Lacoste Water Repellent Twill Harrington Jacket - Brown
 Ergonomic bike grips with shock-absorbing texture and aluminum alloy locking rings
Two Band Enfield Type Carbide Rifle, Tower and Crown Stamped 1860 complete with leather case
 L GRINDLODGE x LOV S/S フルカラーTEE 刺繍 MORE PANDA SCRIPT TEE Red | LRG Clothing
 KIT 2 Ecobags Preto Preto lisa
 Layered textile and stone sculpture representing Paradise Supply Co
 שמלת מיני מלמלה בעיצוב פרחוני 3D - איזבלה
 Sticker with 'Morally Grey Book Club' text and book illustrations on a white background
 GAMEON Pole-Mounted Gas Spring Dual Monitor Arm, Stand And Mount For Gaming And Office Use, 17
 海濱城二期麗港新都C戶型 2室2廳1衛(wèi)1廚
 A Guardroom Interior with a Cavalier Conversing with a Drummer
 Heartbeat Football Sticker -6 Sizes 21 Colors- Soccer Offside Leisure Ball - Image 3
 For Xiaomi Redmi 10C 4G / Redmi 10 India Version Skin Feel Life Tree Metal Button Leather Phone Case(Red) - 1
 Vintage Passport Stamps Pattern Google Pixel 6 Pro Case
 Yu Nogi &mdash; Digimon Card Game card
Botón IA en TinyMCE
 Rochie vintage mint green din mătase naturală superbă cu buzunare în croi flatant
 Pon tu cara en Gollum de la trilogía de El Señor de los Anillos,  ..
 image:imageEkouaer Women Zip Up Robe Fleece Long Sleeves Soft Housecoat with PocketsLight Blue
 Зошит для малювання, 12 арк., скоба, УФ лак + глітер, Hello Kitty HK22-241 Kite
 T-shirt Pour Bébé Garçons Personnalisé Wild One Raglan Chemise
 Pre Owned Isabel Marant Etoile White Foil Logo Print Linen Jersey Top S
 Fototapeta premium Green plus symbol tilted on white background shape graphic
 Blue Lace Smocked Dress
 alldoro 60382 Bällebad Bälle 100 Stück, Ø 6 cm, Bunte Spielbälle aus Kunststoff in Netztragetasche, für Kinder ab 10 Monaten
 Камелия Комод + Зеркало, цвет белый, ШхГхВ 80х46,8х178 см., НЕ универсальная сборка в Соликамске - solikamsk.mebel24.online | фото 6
----------
**EXERCISE INSTRUCTIONS**
In the records, locate each line holding the string "with" and copy it.

**RESPONSE BELOW**
 Ergonomic bike grips with shock-absorbing texture and aluminum alloy locking rings
Two Band Enfield Type Carbide Rifle, Tower and Crown Stamped 1860 complete with leather case
 Sticker with 'Morally Grey Book Club' text and book illustrations on a white background
 A Guardroom Interior with a Cavalier Conversing with a Drummer
 image:imageEkouaer Women Zip Up Robe Fleece Long Sleeves Soft Housecoat with PocketsLight Blue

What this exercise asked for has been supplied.